D. Manuel Clemente foi recebido no dia em que a manchete do Expresso dá nota de uma denúncia de 12 padres suspeitos de abuso de menores
O cardeal-patriarca de Lisboa, Manuel Clemente, foi hoje de manhã recebido pelo Papa Francisco a propósito dos acontecimentos das últimas semanas, relacionados com suspeitas de abusos de menores na igreja em Portugal, revelou o Patriarcado.
Em comunicado, o Patriarcado de Lisboa diz que Manuel Clemente foi recebido, a seu pedido, “em audiência privada”.

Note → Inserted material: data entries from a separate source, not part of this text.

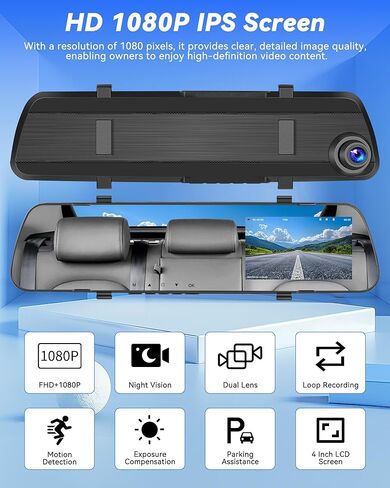 4 inch Mirror Dash Cam,1080P Rear View Mirror Camera for Cars,Dual Dash Cameras Front and Rear HD Night Vision,24H Parking Monitoring,Loop Recording, Motion Detection,Reversing Assistance,32GB TF Card in Saudi Arabia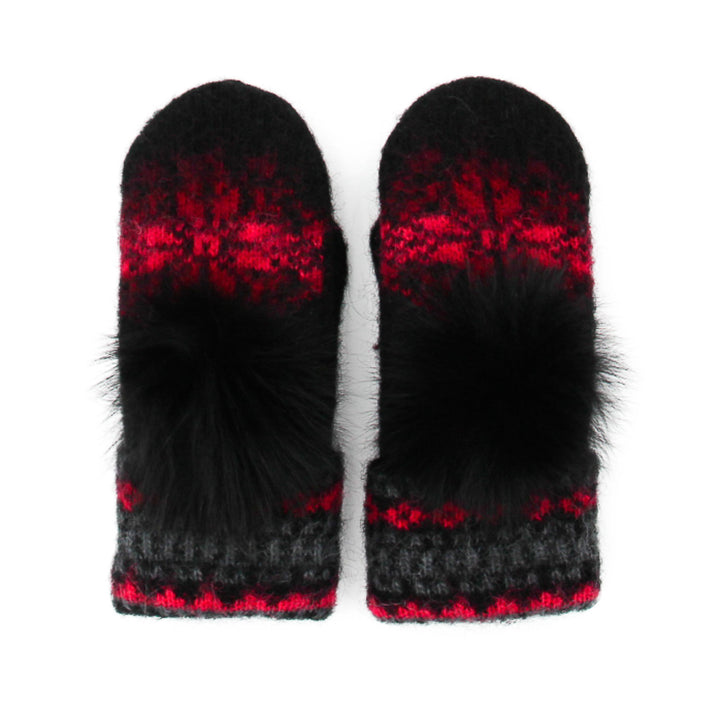 Mitaines en laine islandaise noires, rouges et grises avec pompom noir sur le dessus vues de haut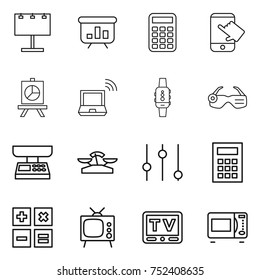 thin line icon set : billboard, presentation, calculator, touch, notebook wireless, smart watch, glasses, market scales, equalizer, tv, microwave oven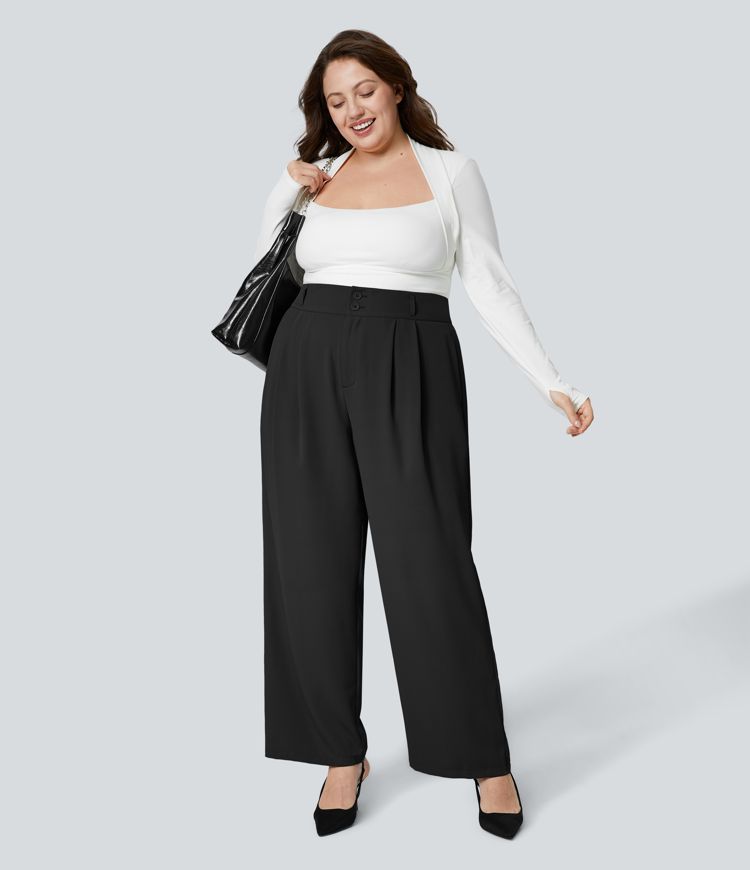 High Waisted Zipper Pocket Shirred Straight Leg Work Plus Size Pants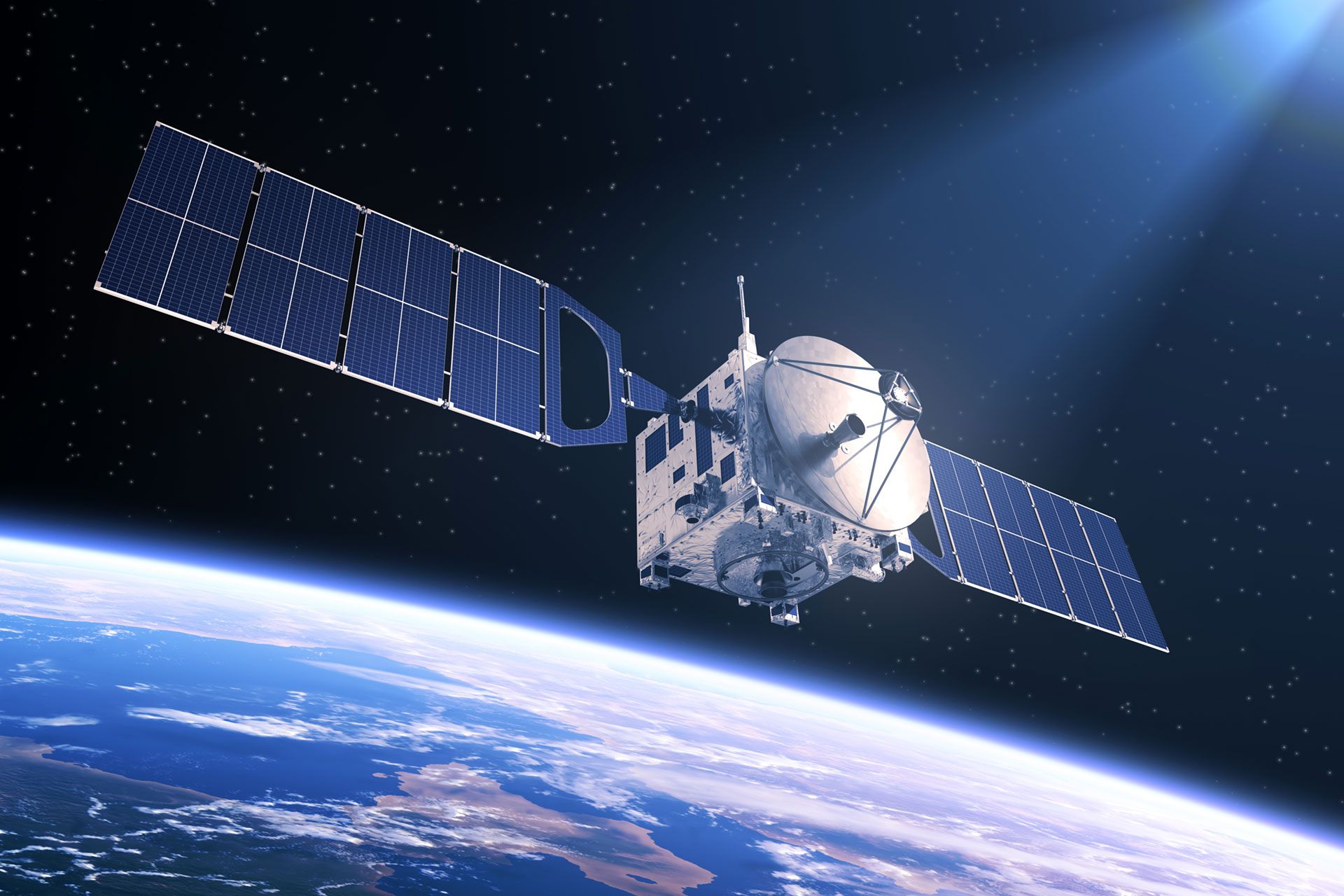 Un satélite en el espacio que proporciona datos para las soluciones de tarificación basadas en la ubicación de Kapsch TrafficCom.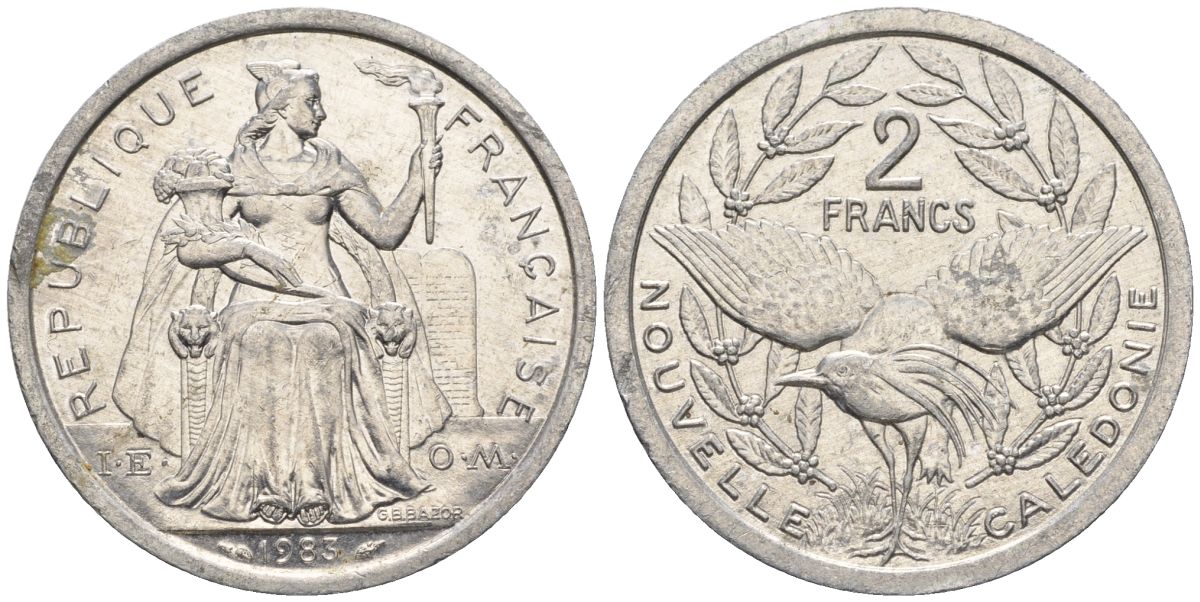 Французская Новая Каледония 2 франка 1983 птица кагу, (IEOM) KM 14, Schoen 11, Lec 63 алюминий    27-1022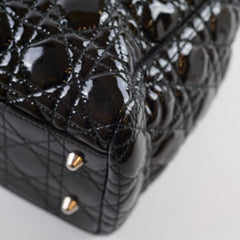 Dior Cannage Tote Black Patent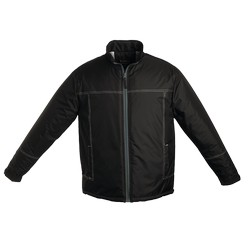 Mens Epic Jacket: New medium weight jacket with contrast nylon zip, self-fabric zip puller and contrast top-stitching details. This jacket has contrast lining with padding, and adjustable Velcro tabs on the cuffs. Available in three colourways. 155g 100% Polyester fabric. Inner zip for embroidery access, welt side pockets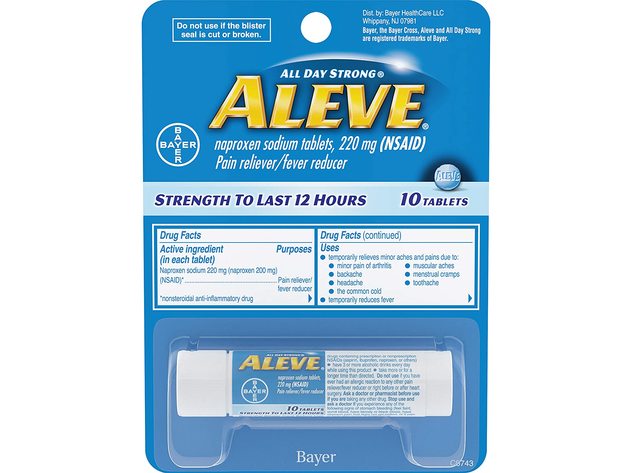 Aleve Tablets, Pain Reliever Fever Reducer, Naproxen Sodium 220 Mg (NSAID), Travel Size, 10 Count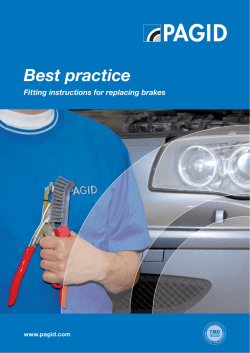 Best practice Fitting instructions for replacing brakes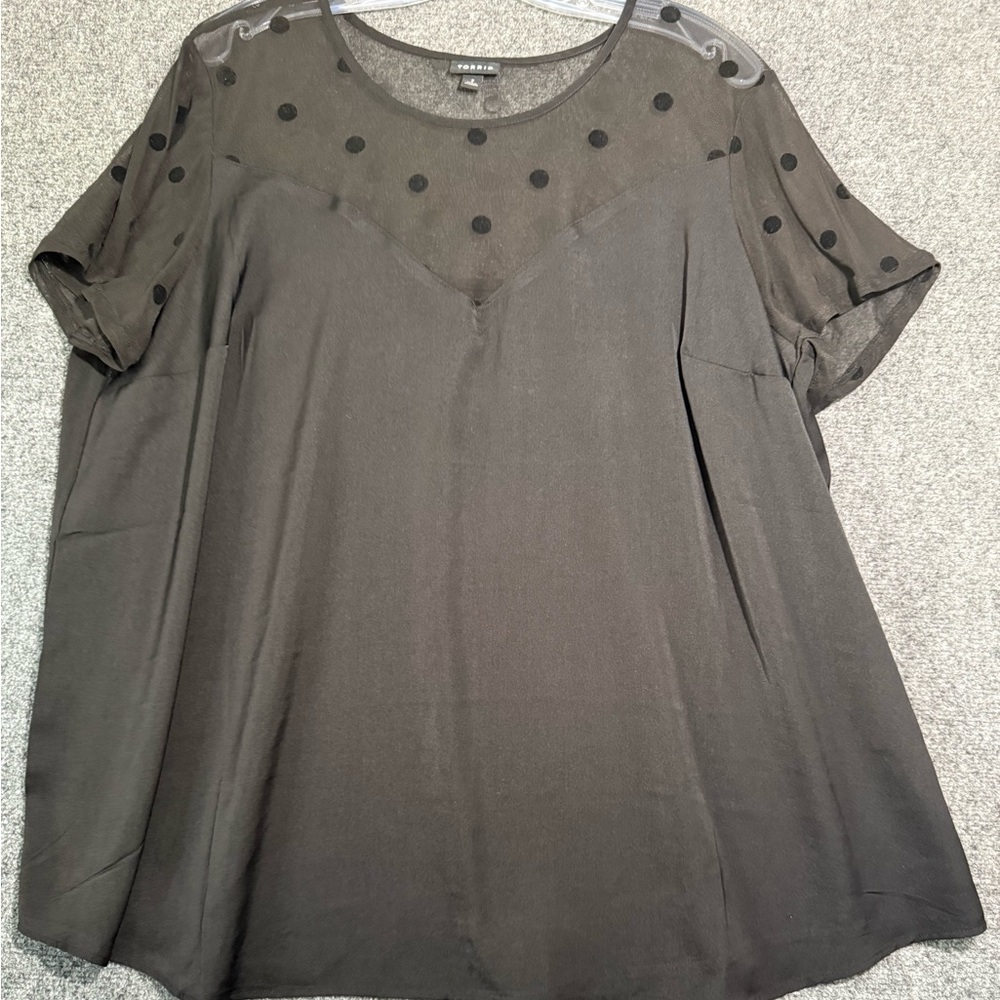 Torrid Black Sheer Polka Dot Blouse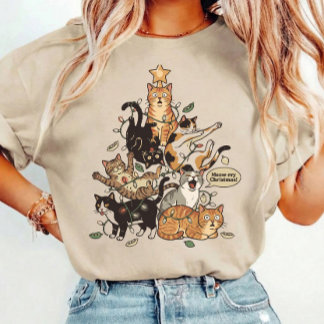 Funny Cats Christmas Tree Tangled Lights Holiday T Shirt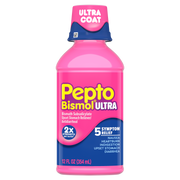 Pepto-Bismol Ultra Liquid dose cup and measurement guide for proper dosing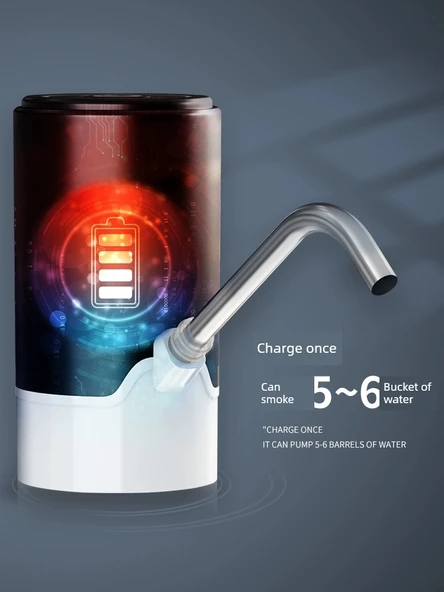 Elektrikli Su Dispenseri - Çift Pompa + Düşük Ses + Büyük Pil + Hızlı Su Çıkışı + TC Şarj Portu - 5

“O encontro, pedido pelo Cardeal-Patriarca de Lisboa, realizou-se num clima de comunhão fraterna e num diálogo transparente sobre os acontecimentos das últimas semanas que marcaram a vida da Igreja em Portugal”, acrescenta a nota.
Esta audiência ocorreu no dia me que o jornal Expresso divulga que, além do patriarca de Lisboa, Manuel Clemente, também o bispo da Guarda, Manuel Felício, e o bispo emérito de Setúbal, Gilberto Reis, terão tido conhecimento de queixas de abusos por parte de padres e não comunicaram essas suspeitas nem à Polícia Judiciária nem ao Ministério Público, as autoridades civis com competência para investigar este tipo de crimes.
Na semana passada, depois de uma notícia do jornal Observador, que revelou que o patriarca de Lisboa tinha tido conhecimento de uma denúncia de abusos sexuais de menores relativa a um sacerdote do Patriarcado e chegou mesmo a encontrar-se pessoalmente com a vítima, mas optou por não comunicar o caso às autoridades civis e por manter o padre no ativo com funções de capelania”, Manuel Clemente escreveu uma carta aberta a explicar a situação.
No documento, assegurou que “desde a primeira hora” deu instruções, no Patriarcado, “para que a Tolerância Zero e a Transparência Total sejam regra conhecida de todos” quanto ao abuso de menores.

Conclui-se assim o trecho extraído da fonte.